1Department of Dermatology, CHRU Tours,2CHU Yalgado, Ouagadougou, Burkina Faso, 3PRES Centre, Val de Loire University, University Francois Rabelais de Tours, FR-37044 Tours, France. E-mail: machet@univ-tours.fr
A 58-year-old woman presented in December 2016 with asymptomatic nails changes. She had had white-yellow transverse stripes on all the nails of both hands for several years (Fig. 1). She had noticed these nails changes for the first time in 2003, 3 weeks after travelling in a tropical area, and the lesions had improved spontaneously some months later. The nail lesions reappeared in 2011, when she began sailing every summer, from May to October, in the Mediterranean. Since then, the nail changes had been permanent. She noticed that that the bands moved with nail growth.
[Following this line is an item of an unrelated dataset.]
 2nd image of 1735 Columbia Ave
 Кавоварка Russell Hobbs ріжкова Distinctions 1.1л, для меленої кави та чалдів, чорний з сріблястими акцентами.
She was treated with levothyroxine for hypothyroidism and occasionally took paracetamol. She did not have any special manicures. Blood cell count, liver function tests and renal function tests were within normal limits.
Examination of the nails, including dermoscopy, revealed that all the fingernails were affected homogeneously, with non-palpable transverse white-yellow stripes 5 mm wide, and distal onycholysis of some of the nails. There was no evidence of matrix damage; the lunulae were normal. The lesions persisted after compression with the dermoscope.
High-resolution, 25 MHz, ultrasound revealed normal proximal nail fold, but loss of the normal “rail-image”, consisting of a double hyperechoic band of nail plate with thickening and multi-lamellar appearance of the plate on affected transverse bands (Fig. 1 d, e).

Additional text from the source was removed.